Pentagon Chief Orders New Review of Attack in Kenya That Killed 3 Americans

The unusual review of the conclusions of the initial inquiry comes more than a year after the attack by the Shabab revealed security lapses at the base.

WASHINGTON — Defense Secretary Lloyd J. Austin III has ordered a high-level review of an initial military investigation into an attack on a Kenyan base by Islamic extremists in January 2020 that left three Americans dead, the Pentagon said on Monday.

The brazen assault by about a dozen Shabab fighters at Manda Bay, a sleepy seaside base near the Somali border, marked the largest number of U.S. military-related fatalities in Africa since four soldiers were killed in an ambush in Niger in October 2017.

The attack by the Shabab, Al Qaeda’s East Africa affiliate, revealed several glaring security shortfalls, an examination by The New York Times found soon after the assault, and underscored the American military’s limits on the continent, where a lack of intelligence, along with Manda Bay’s reputation as a quiet and unchallenged locale, allowed a lethal strike.

American commandos took about an hour to respond. Many of the local Kenyan forces, assigned to defend the base, hid in the grass while other American troops and support staff members were corralled into tents, with little protection, to wait out the battle. It would require hours to evacuate one of the wounded to a military hospital in Djibouti, roughly 1,000 miles away.
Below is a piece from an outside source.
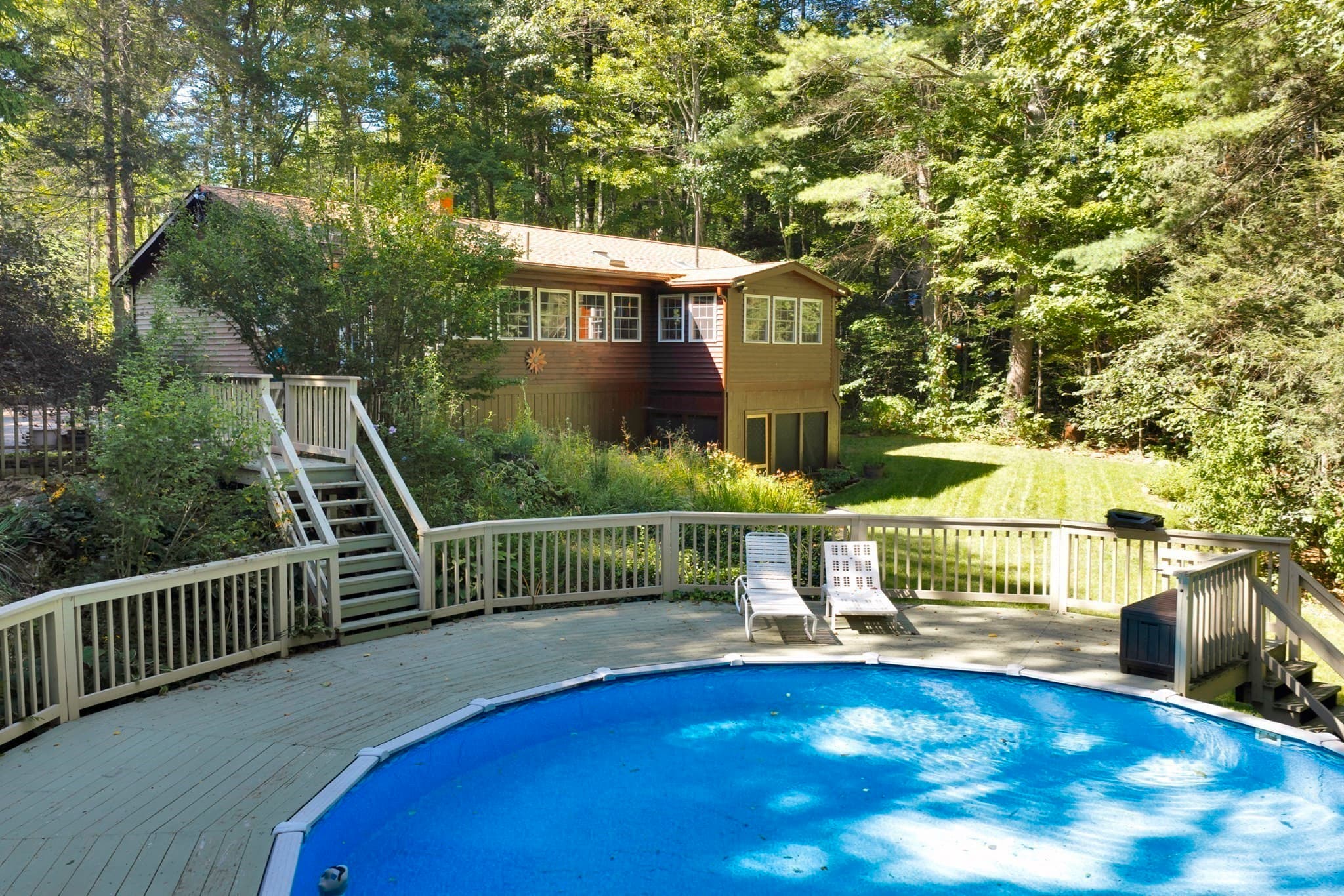 Single Family Residence at 139 Podunk Rd, Sturbridge MA 01566, Sturbridge, photo 28 of 34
The military’s Africa Command conducted an investigation into the attack, which killed one service member and two Pentagon contractors, but the results of the inquiry remained bottled up in the Pentagon in the final months of the Trump administration, and were never approved or made public.
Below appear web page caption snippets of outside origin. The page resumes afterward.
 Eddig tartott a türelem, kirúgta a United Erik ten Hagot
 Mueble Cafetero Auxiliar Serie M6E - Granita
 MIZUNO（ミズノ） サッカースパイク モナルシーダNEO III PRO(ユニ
Rather than accept at face value what investigators had concluded, Mr. Austin ordered the Army to appoint a four-star officer outside the Africa chain of command to review the findings and conclusions, according to a statement that John F. Kirby, Mr. Austin’s spokesman, released late Monday. The Army appointed Gen. Paul Funk, the head of the service’s Training and Doctrine Command, to conduct the review.
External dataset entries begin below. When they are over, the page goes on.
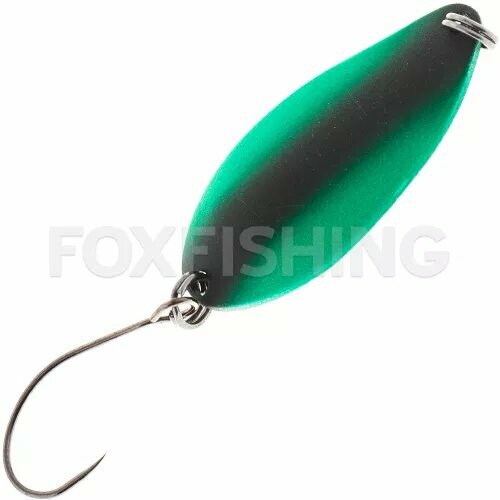 Блесна колеблющаяся Lucky John Juna 3,3см. 3,5гр. 022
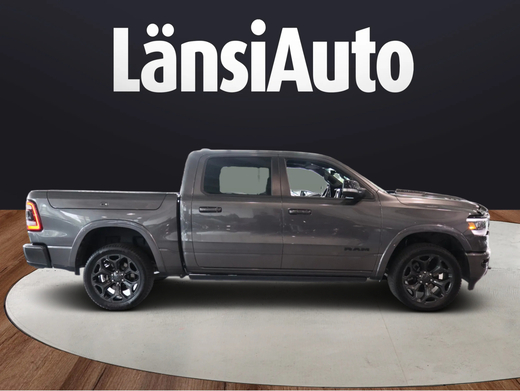 Dodge Ram vaihtoauto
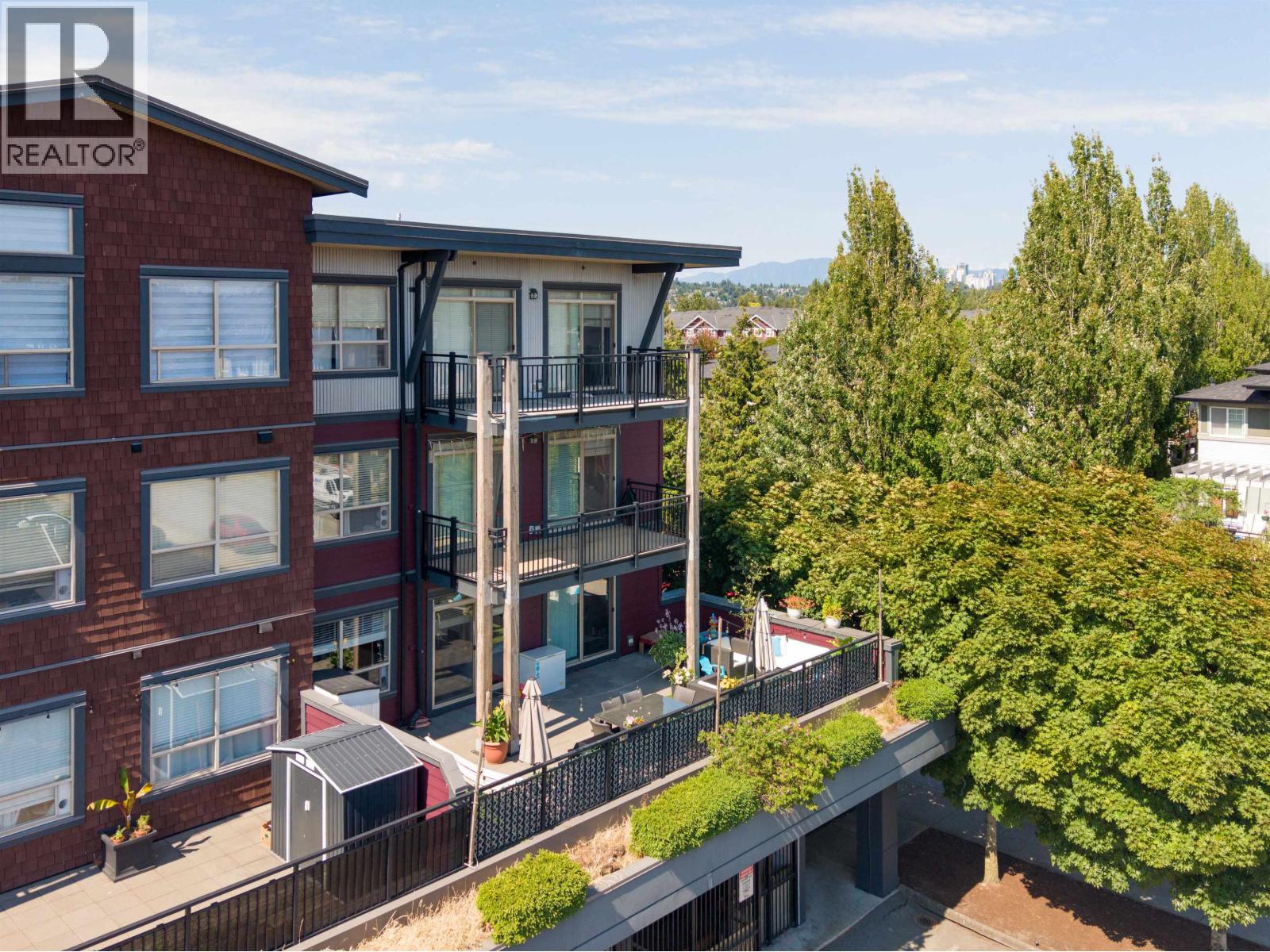 211 288 Hampton Street, New Westminster, British Columbia V3M 5L9 - Photo 34 - R3152389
“An independent review will provide added insight, perspective and the ability to assess the totality of this tragic event involving multiple military services and Department of Defense components,” Mr. Kirby said.

“It is the secretary’s desire to ensure there is a full examination and consideration of the contributing factors that led to this tragic event and that appropriate action is taken to reduce the risk of future occurrence,” Mr. Kirby added. “The families impacted deserve nothing less.”

An outside review of the Africa Command’s investigation could seek to avoid a repeat of the contentious Defense Department inquiry into the Niger attack in 2017. That report found widespread problems across all levels of the military counterterrorism operation, but focused in particular on the actions of junior officers leading up to the ambush — unfairly so in the view of many family members, lawmakers and even Jim Mattis, the defense secretary at the time.

Mr. Kirby said in the statement that until the new review was completed, the Pentagon would have no further comment on the Africa Command investigation or General Funk’s work.

“We will provide updates to the family members impacted by this tragic attack and will ensure that Congress is appropriately informed when the review is completed,” said Mr. Kirby, who gave no indication when that might be.

In the attack on Jan. 5, 2020, the Shabab fighters killed Dustin Harrison, 47, and Bruce Triplett, 64, two experienced pilots and contractors with L3 Technologies, a Pentagon contractor that helps conduct surveillance and reconnaissance missions around the world. They were taxiing their Beechcraft King Air 350 on Manda Bay’s tarmac.

Specialist Henry Mayfield Jr., 23, of the Army was in a nearby truck acting as an air traffic controller when he was killed in a subsequent gunfight.

At the time, the deaths signified a grim expansion of the campaign waged by the United States against the Shabab — often confined to Somalia, but in this case spilling over into neighboring Kenya despite an escalating American air campaign in the region.

In his final weeks in office, President Donald J. Trump ordered most of the 700 American troops in Somalia to leave the country, but not out of the region. Most of the forces transferred to nearby Djibouti or to Kenya, including Manda Bay, now with beefed up security. The Biden administration is conducting a review to determine whether to send any of those troops back to Somalia.